### THE DATA

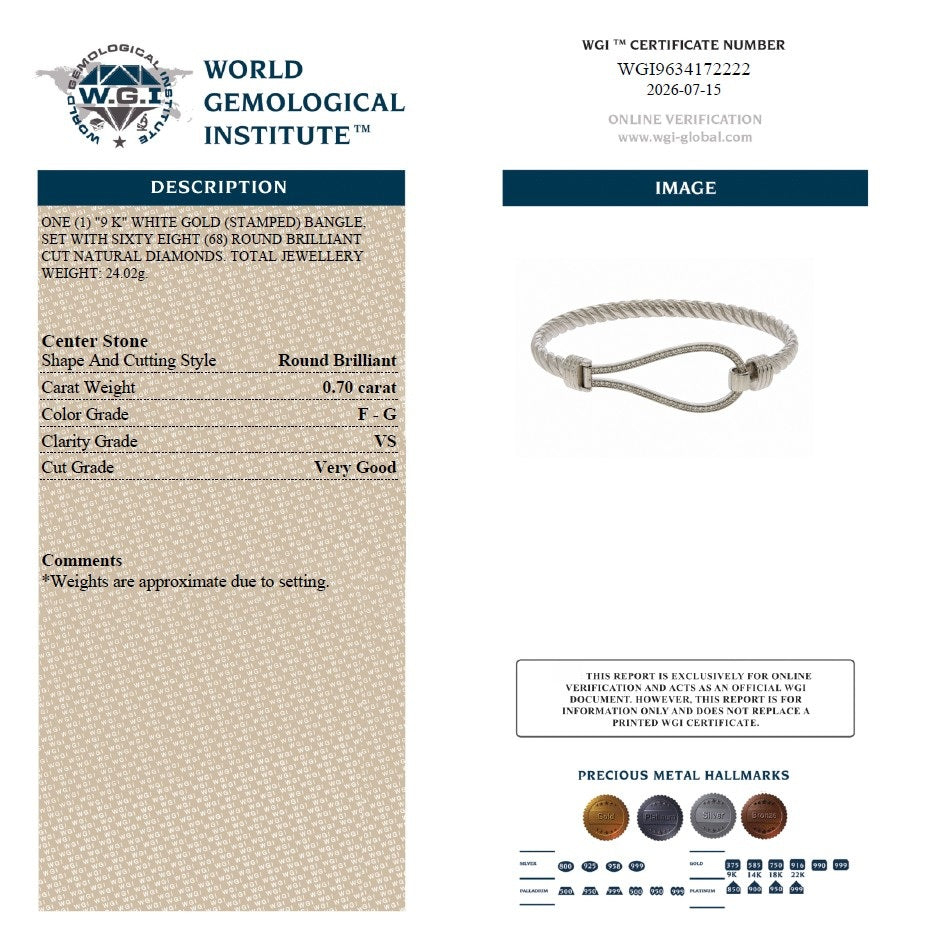 WGI 0.70Carat Natural Round Diamond Eternity Bangle 9k White Gold Ready To Ship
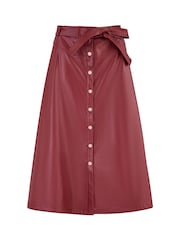 Yumi Red Faux Leather A Line Midi Skirt With Button Up Details - Image 5 of 5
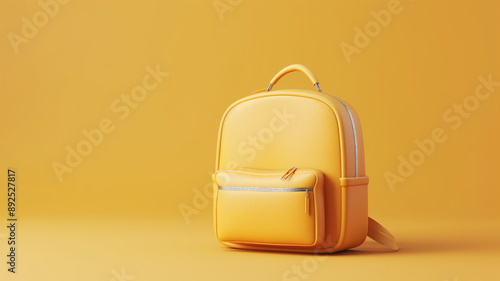 Minimalist 3D Render of Backpack on Pastel Yellow Background. Generative AI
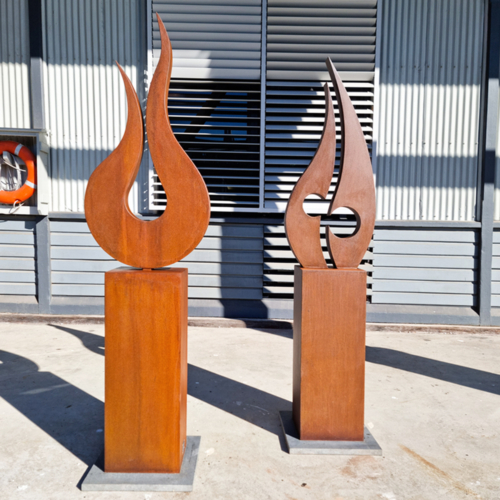 Corten Steel Sculpture – Fire by Andrew Kasper, 200x40x40cm | ARTpark Australia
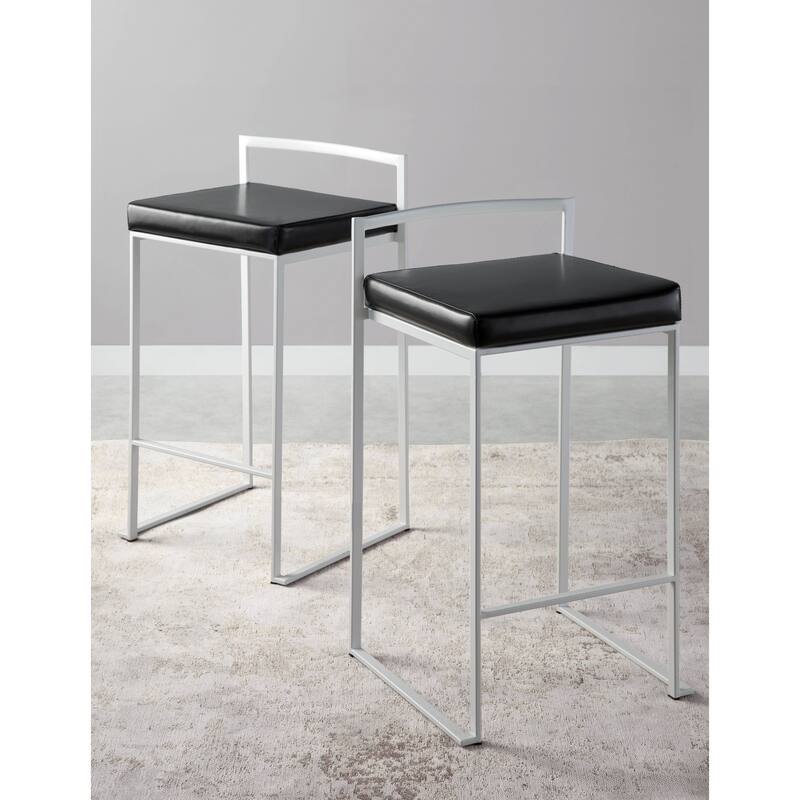 Porch & Den Forrest 26" White Fixed-Height Stackable Counter Stool (Set of 2)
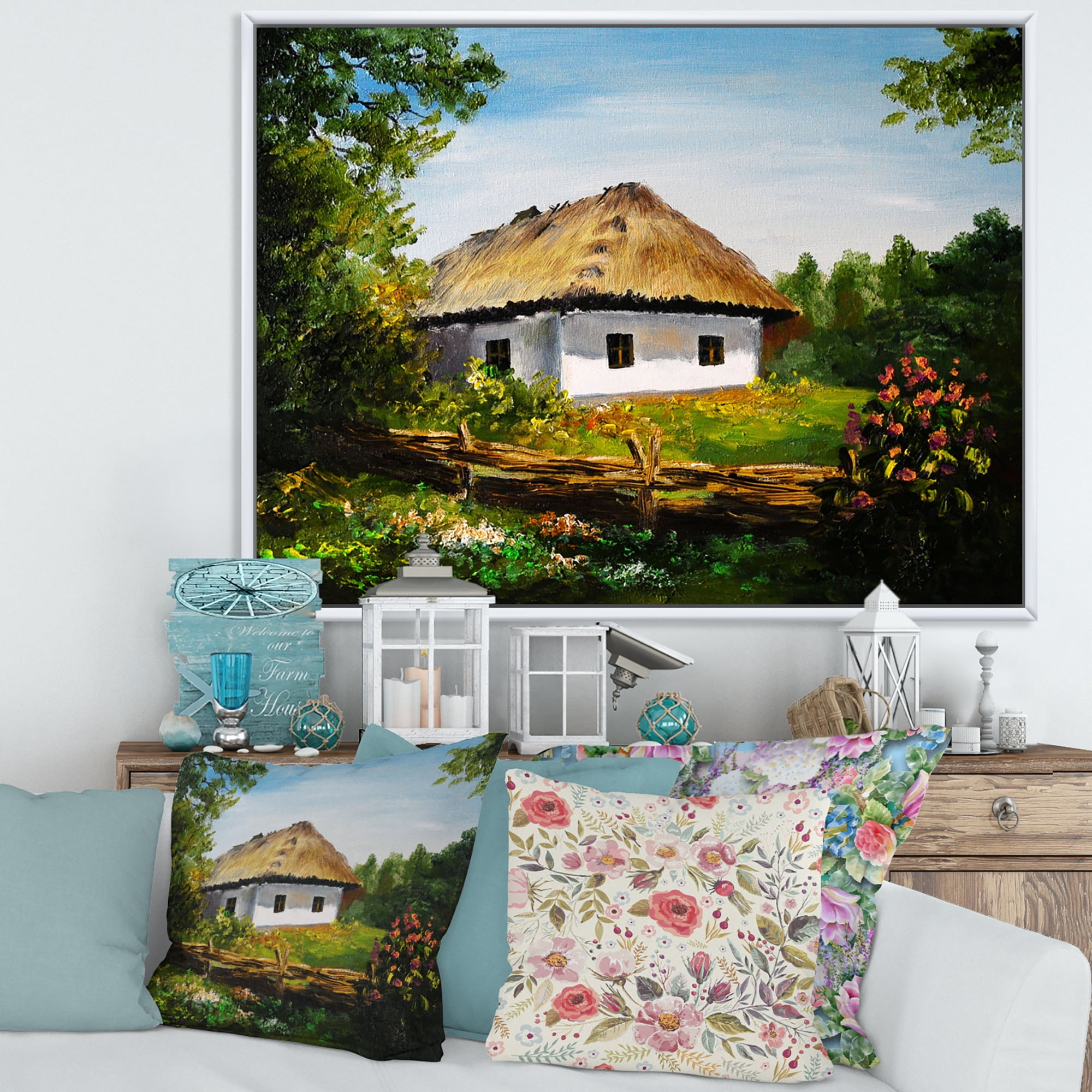 Designart 'Traditional Cottage At Sunrise In Summer' Traditional Framed Canvas Wall Art Print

######

WHAT THE TASK REQUIRES: Excluding the pictures, write out exactly the lines from the line that contains "Porch & Den" through the end of the records.

EXERCISE SOLUTION:
 Porch & Den Forrest 26" White Fixed-Height Stackable Counter Stool (Set of 2)
 Designart 'Traditional Cottage At Sunrise In Summer' Traditional Framed Canvas Wall Art Print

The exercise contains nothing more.